If the median age is 43, you're past the fast-growth phase. We were in it from roughly 1950 to the early 2000s. What we think of as normal growth - 2% to 3% per annum - is abnormal growth with a demographic tailwind. In 10, 20 years from now, 1% real growth will be a win. And that's OK. It's still growth.

It suggests that the investing opportunities in developed markets are going to be lower than in emerging markets for quite a while.

Right. It also means that the natural real yield on bonds [is going to be lower]. We've seen real yields tumble to within rounding range of zero. People think this is very strange and yields should go soaring back up again. No. To borrow from Pimco's old expression, this is a “new normal.” The new normal for growth is slow growth. And if the growth is slow, real interest rates are going to be low. If real growth is negligible, zero real interest rates -- if there's no risk of default -- makes perfect sense.

It sounds like it won't be getting any easier to make money in the markets. How do you see the investing business changing in the next 10 years?

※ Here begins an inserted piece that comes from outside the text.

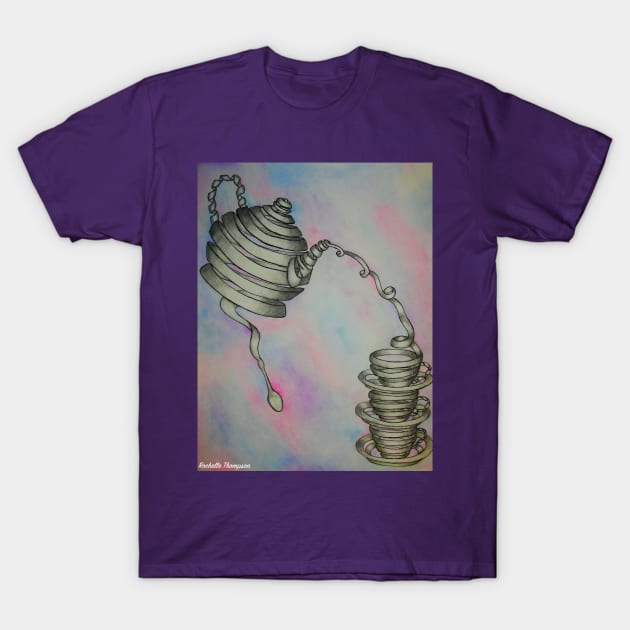 Wrapped Teacups T-Shirt by Rororocker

I'd like to see the end customers take more interest in investing, and become to some extent students of the markets. When people invest, they often do it very casually without a great deal of thought. They often do it in an instinctive, trend-following way.

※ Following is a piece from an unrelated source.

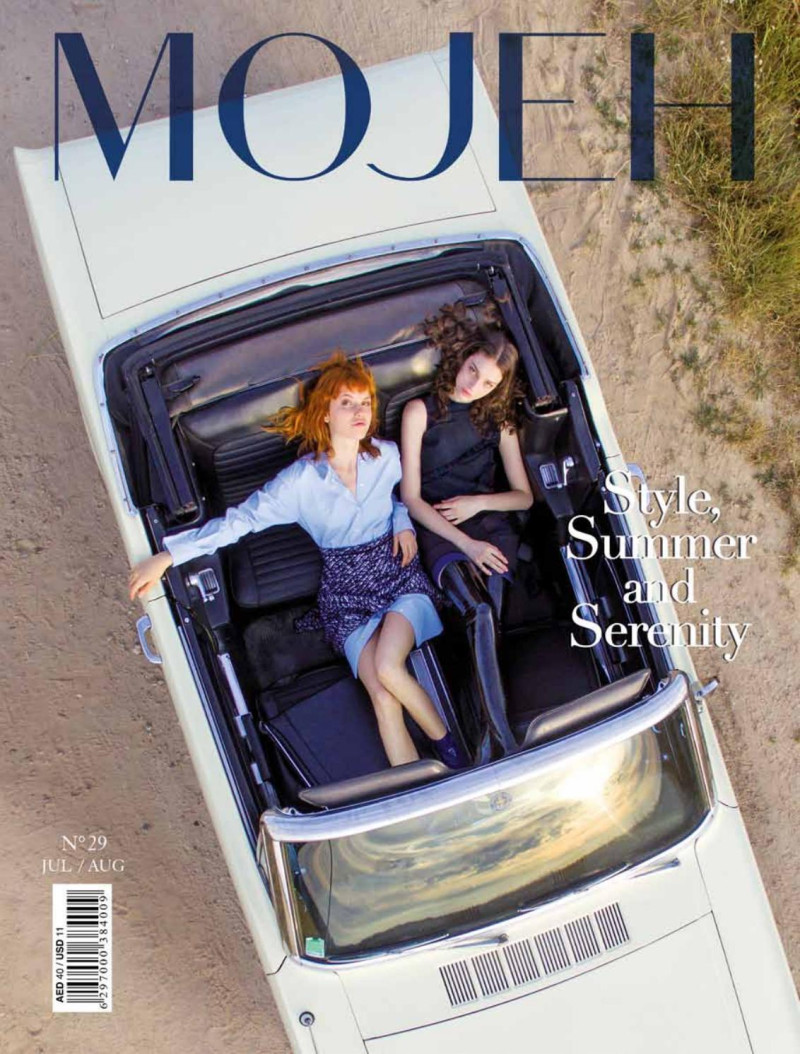 Julia Johansen, Larissa Marchiori featured on the MOJEH cover from July 2015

In choosing their own investments, people will often go through a list of funds. They say: “Hmm, this one's done really well in the last one, three and five years. I like that. I want that.”

Now, as investment professionals, we know they would do better if they went down the roster of choices and found a strategy, a fund or an asset class and said, “Oh this has been really lousy for one year, three years and five years, and its expense ratio is low, and the manager or the strategy is true to its discipline. It's probably ready for a turn. Let me put my money there.” Does one person in a thousand think that way?

No.

And yet instinctively, as investors, we know that people who do think that way will have better results.

We're in the only major business in the global macro economy in which the higher the price of the asset, the more popular it is. In which bargains are shunned. In which the price gets knocked down 20% and the customer says, “Get me out of here!” In which the price goes up 50%, and the customer says, “Can I have more of this please?”

Human nature conditions us to chase what has performed best. What has performed best feels good. And yet any student of the market knows that's a dumb way to invest.